→ **Task goal**:
An exact copy of the data is needed, one that excludes all pictures.

(Beginning of Collected data)

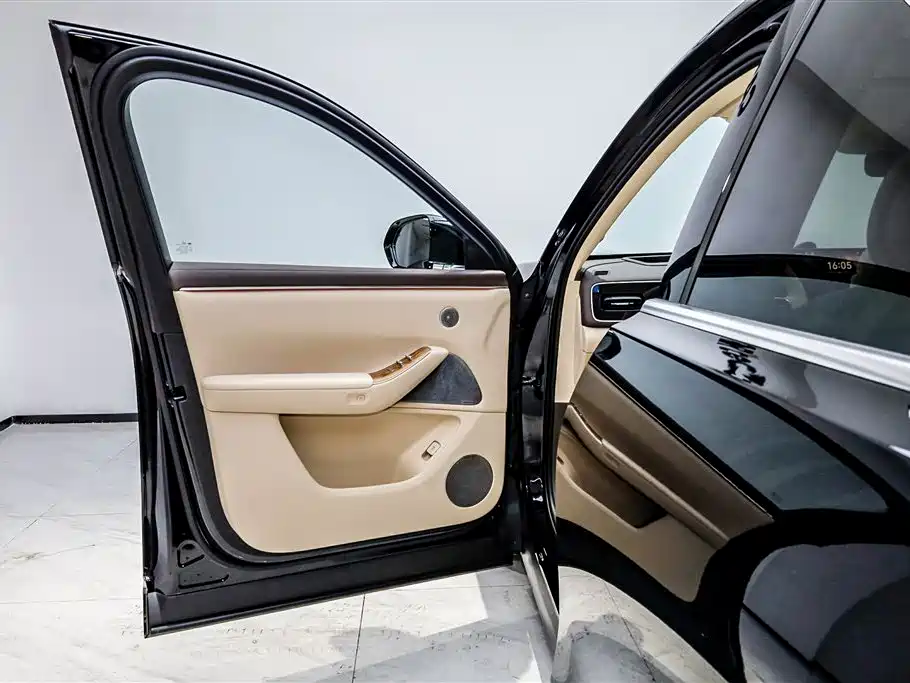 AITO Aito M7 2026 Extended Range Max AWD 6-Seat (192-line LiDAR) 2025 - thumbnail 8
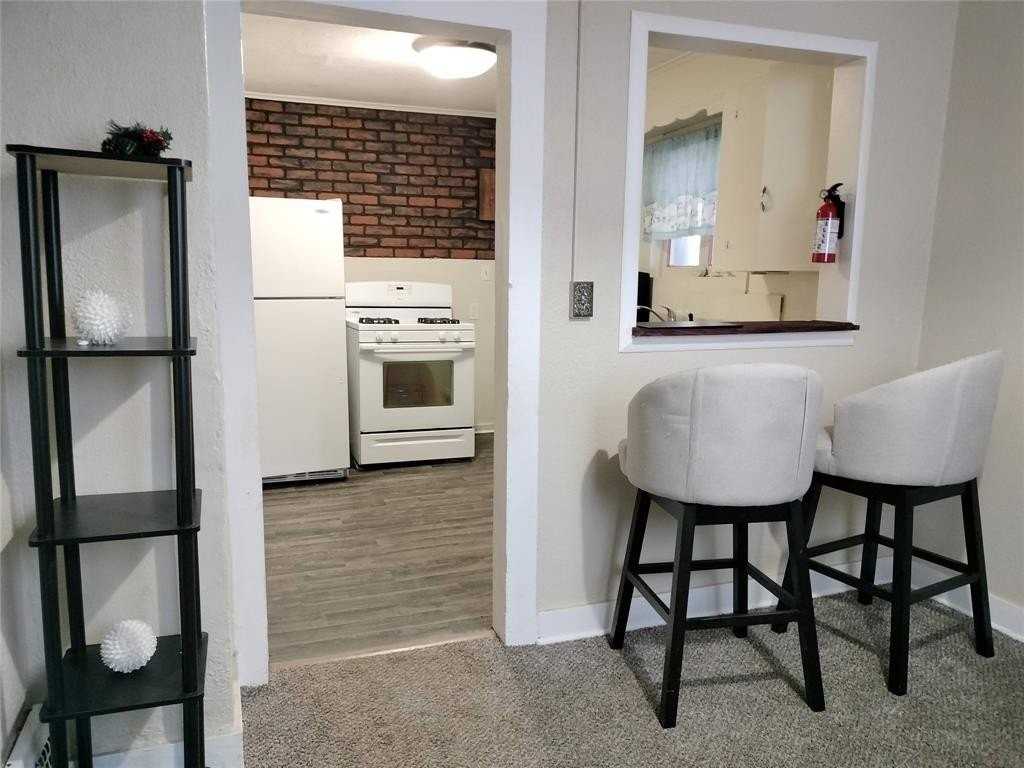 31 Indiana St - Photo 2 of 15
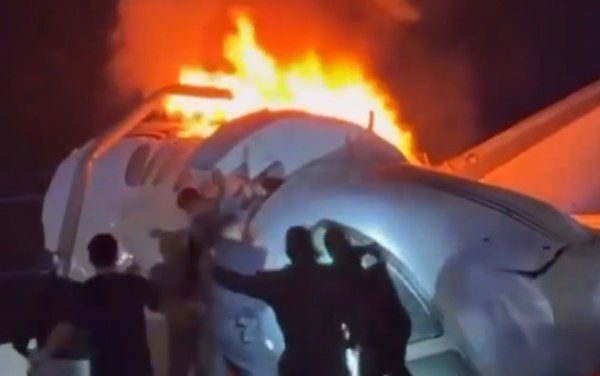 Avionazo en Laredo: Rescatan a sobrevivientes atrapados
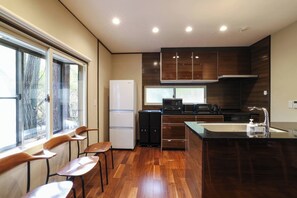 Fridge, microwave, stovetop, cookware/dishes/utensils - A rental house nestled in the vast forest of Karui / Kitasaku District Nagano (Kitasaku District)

(End of Collected data)

→ **Problem solution**:
 AITO Aito M7 2026 Extended Range Max AWD 6-Seat (192-line LiDAR) 2025 - thumbnail 8
 31 Indiana St - Photo 2 of 15
 Avionazo en Laredo: Rescatan a sobrevivientes atrapados
 Fridge, microwave, stovetop, cookware/dishes/utensils - A rental house nestled in the vast forest of Karui / Kitasaku District Nagano (Kitasaku District)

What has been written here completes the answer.